Agile & Distributed Computing
IHMC’s has pioneered the notion of Agile Computing – an approach to creating distributed networked systems that are adaptive, resilient, and opportunistic. Research in this area has ranged from intelligent network transport protocols to novel distributed coordination algorithms. Much of this research has been in support of austere networking environments such as disaster recovery and tactical military networks. Exploiting research in intelligent systems and software agents contribute significantly to enhance performance of the overall system. At IHMC, this research is led by Niranjan Suri.
Research in software agents and mobile agents were the foundation for much of the follow on work in distributed systems.
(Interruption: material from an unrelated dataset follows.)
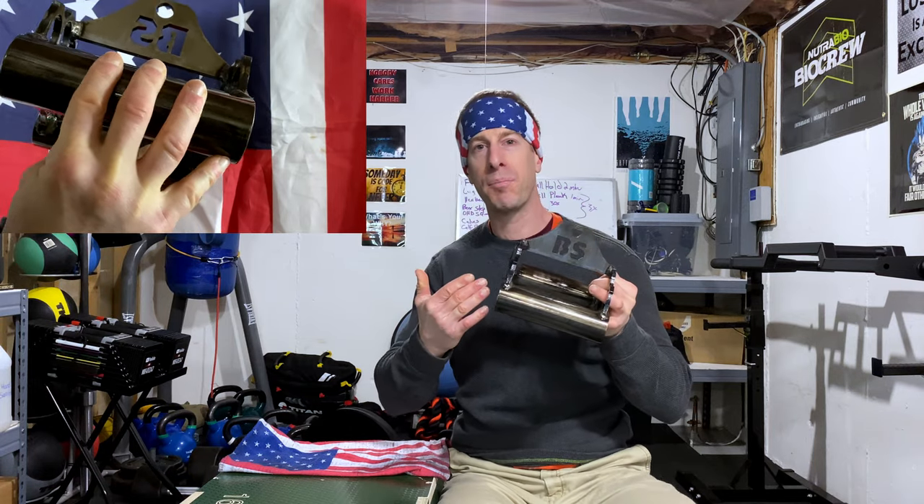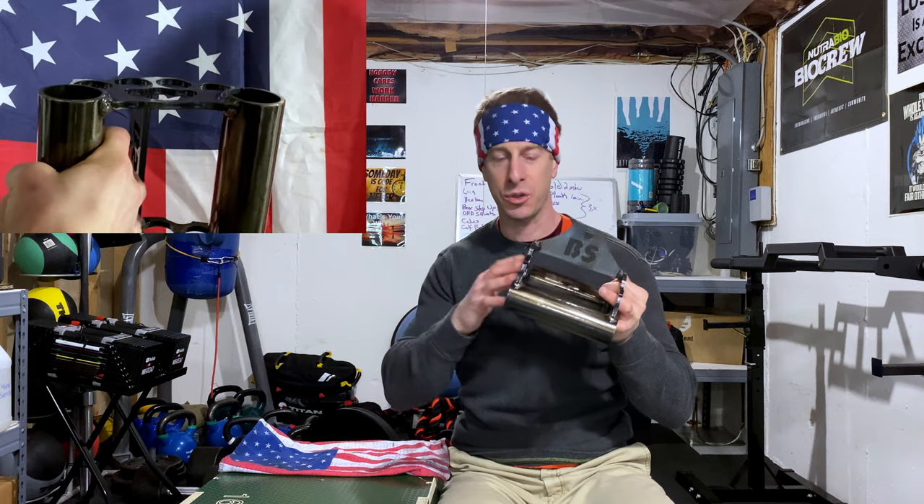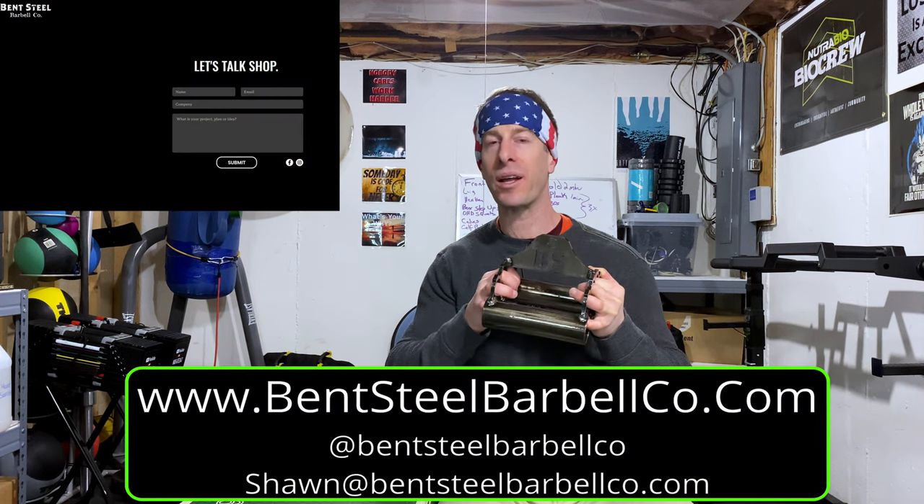One of the great things about Bent Steel Barbell Company is that they do all the stuff themselves in-house. What does that mean? It means there's no long lead time. They don't have to send something overseas to get back some inferior product with cruddy welds that looks nasty. They can make you exactly what you want. You want a different design, a different logo? Reach out to them — the sky's the limit on what they can create.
Research in the area of mobile agents led to the development of Aroma – a custom Java VM that was designed from scratch to support migration of threads of execution as well as secure monitoring and control over resource utilization of untrusted agents. Continued research in the area of mobile code for dynamic resource exploitation eventually led to the notion of Agile Computing.
The Agile Computing Middleware is a set of integrated and interoperating components that satisfy many of the communications requirements that arise in challenged networks. The underlying principle of the middleware is to be opportunistic and dynamically exploit resources as they become available. This approach allows the system to be more resilient to failure of nodes and links, and improves performance by continuous adaptation to the current environment and available resources. Components of the middleware handle resource and service discovery in ad-hoc environments, point-to-point transport, multipoint dissemination, service-oriented computing, information management, and finally transparent proxying for legacy protocols such as TCP. Many of the components of this middleware framework have been released as open source under the GPLv3 license and are available at http://www.github.com/ihmc/nomads. Many of these components have also been successfully transitioned to the US Army Research Laboratory, US Army CERDEC, Office of Naval Research, Marine Corps Systems Command, and the US Air Force Research Laboratory.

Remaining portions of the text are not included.